(Brief descriptive captions)
"""

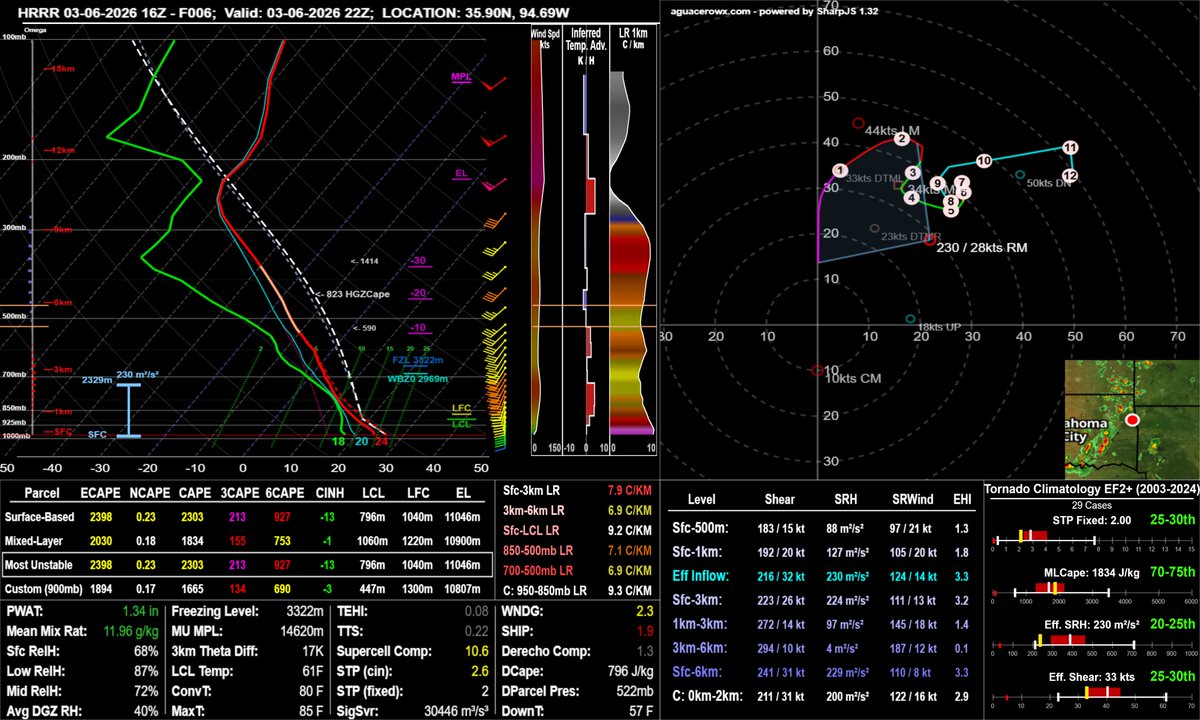 aguacero tweet media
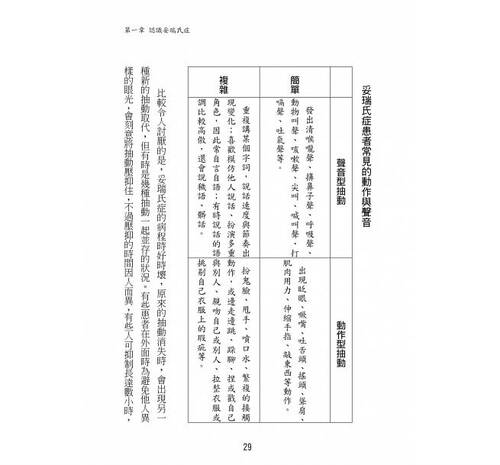 预售正版 原版进口图书 妥瑞症的暗夜天光别再说他爱捣蛋  元气斋医疗保健 - 图2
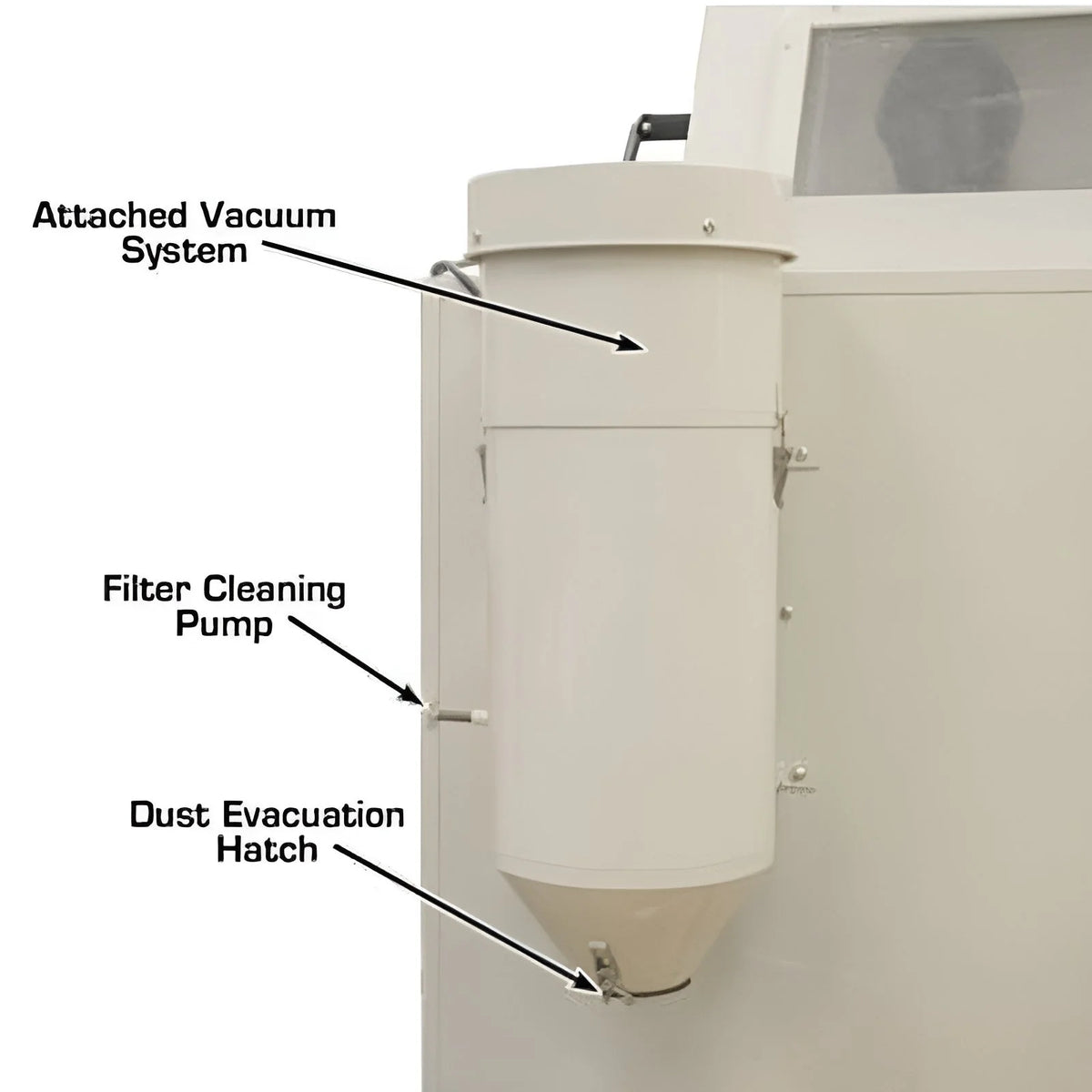 SBC990 attached vacuum housing with dust evacuation hatch and filter cleaning pump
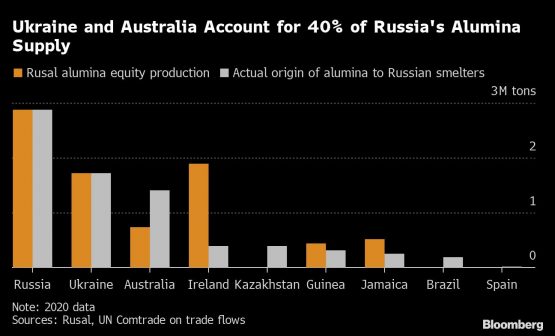 Thị trường nhôm nóng trở lại sau khi Australia cấm xuất khẩu alumina và bauxite sang Nga - Ảnh 2.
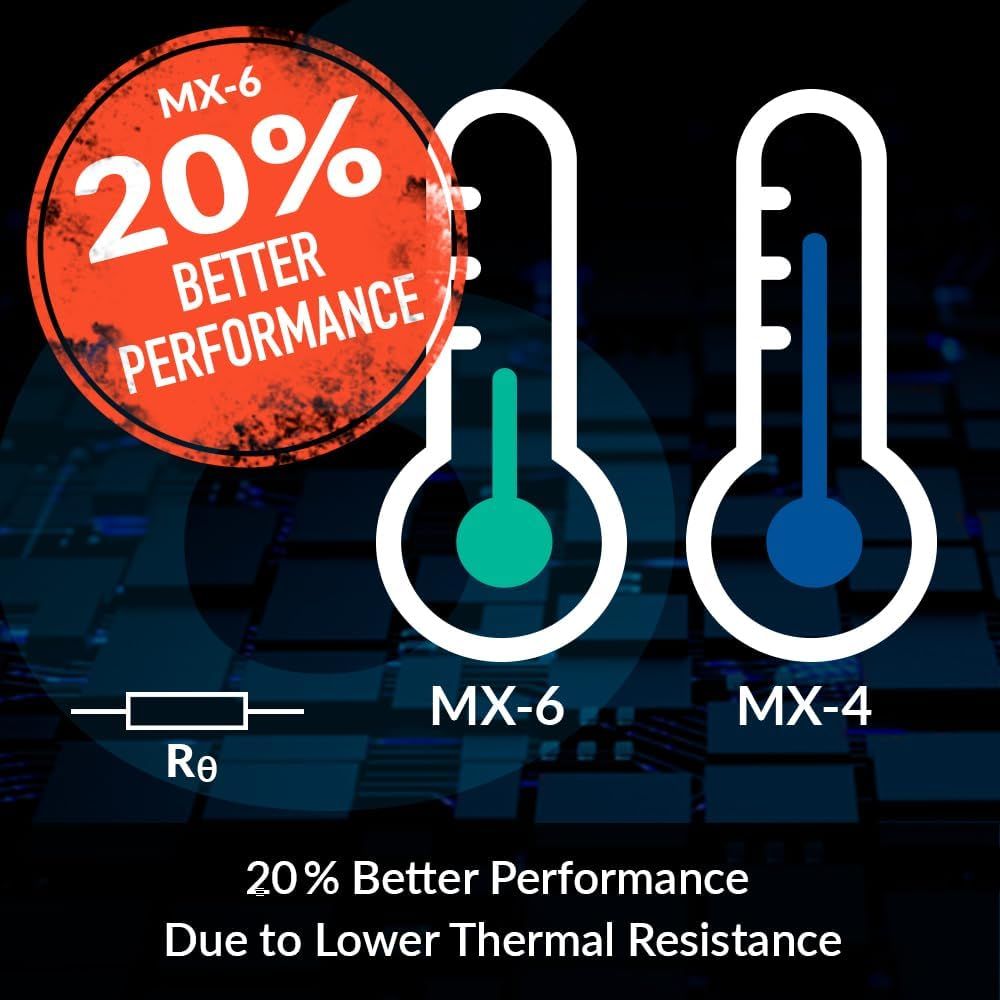 Communicates a quantifiable performance improvement claim to demonstrate the product's superior efficiency compared to a competing model, emphasizing lower thermal resistance as the key…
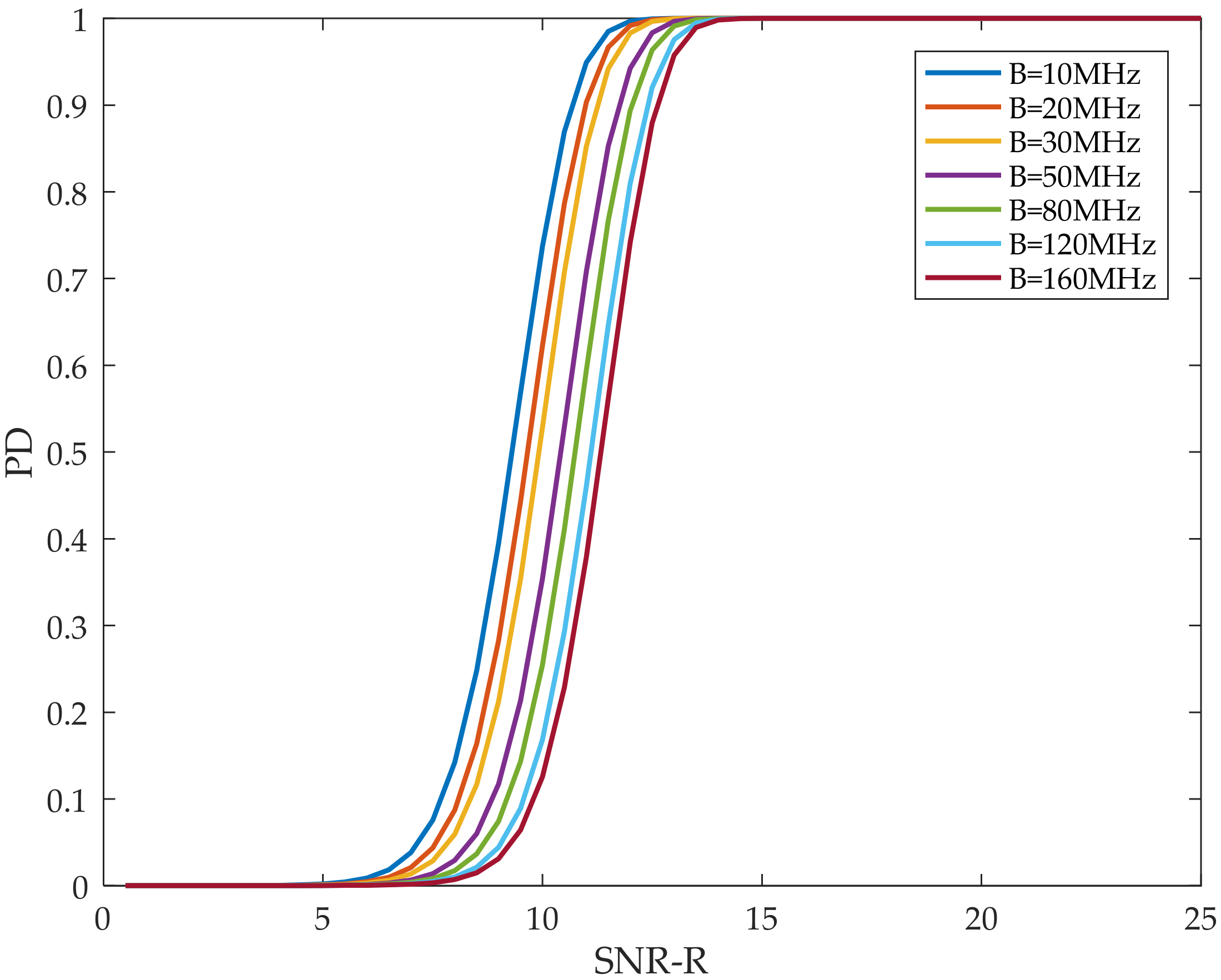 Remotesensing 13 04885 g005 550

"""

◆ Task goal ◆
Copy exactly the lines that run from the line containing "Communicates a quantifiable" to the end of the data above, keeping both end lines and leaving out all pictures.

◆ Solution to this task ◆
 Communicates a quantifiable performance improvement claim to demonstrate the product's superior efficiency compared to a competing model, emphasizing lower thermal resistance as the key…
 Remotesensing 13 04885 g005 550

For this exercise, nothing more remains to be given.